[Stored dataset items]
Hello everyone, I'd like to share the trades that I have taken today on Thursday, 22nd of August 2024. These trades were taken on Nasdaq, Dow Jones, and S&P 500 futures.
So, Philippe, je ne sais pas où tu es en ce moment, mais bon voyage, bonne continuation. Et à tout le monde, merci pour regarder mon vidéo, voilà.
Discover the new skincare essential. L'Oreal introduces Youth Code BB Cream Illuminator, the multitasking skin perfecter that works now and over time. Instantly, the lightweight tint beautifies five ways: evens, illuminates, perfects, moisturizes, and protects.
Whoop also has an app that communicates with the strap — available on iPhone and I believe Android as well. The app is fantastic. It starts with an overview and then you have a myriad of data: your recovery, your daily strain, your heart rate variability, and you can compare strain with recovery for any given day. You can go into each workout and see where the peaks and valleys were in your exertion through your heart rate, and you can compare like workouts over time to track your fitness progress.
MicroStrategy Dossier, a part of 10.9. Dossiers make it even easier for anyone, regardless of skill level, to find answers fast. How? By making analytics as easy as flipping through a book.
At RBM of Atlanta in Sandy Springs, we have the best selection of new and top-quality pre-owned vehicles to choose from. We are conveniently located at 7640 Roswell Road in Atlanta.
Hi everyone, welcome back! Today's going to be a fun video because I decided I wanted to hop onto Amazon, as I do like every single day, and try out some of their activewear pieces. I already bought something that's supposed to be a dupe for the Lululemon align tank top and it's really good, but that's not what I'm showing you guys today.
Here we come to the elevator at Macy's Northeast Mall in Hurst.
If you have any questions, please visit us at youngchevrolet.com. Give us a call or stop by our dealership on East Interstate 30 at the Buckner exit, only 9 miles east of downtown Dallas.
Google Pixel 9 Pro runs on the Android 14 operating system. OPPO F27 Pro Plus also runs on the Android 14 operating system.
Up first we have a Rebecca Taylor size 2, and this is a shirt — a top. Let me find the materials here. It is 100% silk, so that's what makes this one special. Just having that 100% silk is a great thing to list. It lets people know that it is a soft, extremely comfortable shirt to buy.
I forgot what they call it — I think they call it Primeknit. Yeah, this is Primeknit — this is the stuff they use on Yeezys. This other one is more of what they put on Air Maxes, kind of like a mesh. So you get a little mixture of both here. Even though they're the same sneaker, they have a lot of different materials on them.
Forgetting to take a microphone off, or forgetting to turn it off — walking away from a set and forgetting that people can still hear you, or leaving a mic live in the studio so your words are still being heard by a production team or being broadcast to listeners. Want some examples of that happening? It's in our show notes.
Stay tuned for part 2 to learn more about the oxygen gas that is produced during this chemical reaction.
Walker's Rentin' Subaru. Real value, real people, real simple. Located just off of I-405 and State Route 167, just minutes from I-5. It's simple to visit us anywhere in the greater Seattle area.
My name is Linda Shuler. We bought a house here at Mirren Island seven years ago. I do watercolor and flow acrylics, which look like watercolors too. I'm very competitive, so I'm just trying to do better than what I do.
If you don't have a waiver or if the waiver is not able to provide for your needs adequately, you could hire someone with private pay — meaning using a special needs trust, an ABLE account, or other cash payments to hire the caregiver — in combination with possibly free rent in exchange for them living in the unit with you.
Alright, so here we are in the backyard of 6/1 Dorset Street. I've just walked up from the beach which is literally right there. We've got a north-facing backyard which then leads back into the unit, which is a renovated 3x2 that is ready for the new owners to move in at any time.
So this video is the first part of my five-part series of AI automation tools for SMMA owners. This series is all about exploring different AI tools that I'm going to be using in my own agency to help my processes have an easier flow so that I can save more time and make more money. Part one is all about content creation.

» **Directions**:
The range runs from the line above containing "Hi everyone, welcome" to the line containing "Google Pixel 9", inclusive. Restate those lines word for word and no others.

» **Output below**:
Hi everyone, welcome back! Today's going to be a fun video because I decided I wanted to hop onto Amazon, as I do like every single day, and try out some of their activewear pieces. I already bought something that's supposed to be a dupe for the Lululemon align tank top and it's really good, but that's not what I'm showing you guys today.
Here we come to the elevator at Macy's Northeast Mall in Hurst.
If you have any questions, please visit us at youngchevrolet.com. Give us a call or stop by our dealership on East Interstate 30 at the Buckner exit, only 9 miles east of downtown Dallas.
Google Pixel 9 Pro runs on the Android 14 operating system. OPPO F27 Pro Plus also runs on the Android 14 operating system.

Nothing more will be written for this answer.